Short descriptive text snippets
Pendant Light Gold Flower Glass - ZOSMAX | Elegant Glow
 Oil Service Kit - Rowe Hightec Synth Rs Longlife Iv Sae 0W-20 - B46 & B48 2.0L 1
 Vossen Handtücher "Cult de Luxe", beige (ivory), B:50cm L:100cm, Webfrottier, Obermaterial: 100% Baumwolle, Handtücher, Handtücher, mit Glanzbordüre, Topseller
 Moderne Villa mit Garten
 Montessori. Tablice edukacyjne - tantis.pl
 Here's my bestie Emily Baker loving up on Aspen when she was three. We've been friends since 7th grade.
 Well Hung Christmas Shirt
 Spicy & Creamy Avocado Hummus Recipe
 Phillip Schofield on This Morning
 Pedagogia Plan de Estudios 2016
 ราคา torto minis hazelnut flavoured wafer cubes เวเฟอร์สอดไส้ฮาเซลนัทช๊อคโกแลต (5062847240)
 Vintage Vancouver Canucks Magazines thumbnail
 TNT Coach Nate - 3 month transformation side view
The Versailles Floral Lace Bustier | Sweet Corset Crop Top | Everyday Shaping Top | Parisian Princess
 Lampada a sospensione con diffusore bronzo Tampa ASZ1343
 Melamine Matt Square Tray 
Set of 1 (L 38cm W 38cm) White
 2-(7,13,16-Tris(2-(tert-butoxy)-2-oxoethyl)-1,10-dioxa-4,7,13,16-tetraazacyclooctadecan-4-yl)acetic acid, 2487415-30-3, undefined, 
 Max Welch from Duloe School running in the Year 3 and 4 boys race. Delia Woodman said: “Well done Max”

TASK STATEMENT> From the first line through the last, repeat the entries exactly.

SOLUTION FOR THIS EXERCISE>
Pendant Light Gold Flower Glass - ZOSMAX | Elegant Glow
 Oil Service Kit - Rowe Hightec Synth Rs Longlife Iv Sae 0W-20 - B46 & B48 2.0L 1
 Vossen Handtücher "Cult de Luxe", beige (ivory), B:50cm L:100cm, Webfrottier, Obermaterial: 100% Baumwolle, Handtücher, Handtücher, mit Glanzbordüre, Topseller
 Moderne Villa mit Garten
 Montessori. Tablice edukacyjne - tantis.pl
 Here's my bestie Emily Baker loving up on Aspen when she was three. We've been friends since 7th grade.
 Well Hung Christmas Shirt
 Spicy & Creamy Avocado Hummus Recipe
 Phillip Schofield on This Morning
 Pedagogia Plan de Estudios 2016
 ราคา torto minis hazelnut flavoured wafer cubes เวเฟอร์สอดไส้ฮาเซลนัทช๊อคโกแลต (5062847240)
 Vintage Vancouver Canucks Magazines thumbnail
 TNT Coach Nate - 3 month transformation side view
The Versailles Floral Lace Bustier | Sweet Corset Crop Top | Everyday Shaping Top | Parisian Princess
 Lampada a sospensione con diffusore bronzo Tampa ASZ1343
 Melamine Matt Square Tray 
Set of 1 (L 38cm W 38cm) White
 2-(7,13,16-Tris(2-(tert-butoxy)-2-oxoethyl)-1,10-dioxa-4,7,13,16-tetraazacyclooctadecan-4-yl)acetic acid, 2487415-30-3, undefined, 
 Max Welch from Duloe School running in the Year 3 and 4 boys race. Delia Woodman said: “Well done Max”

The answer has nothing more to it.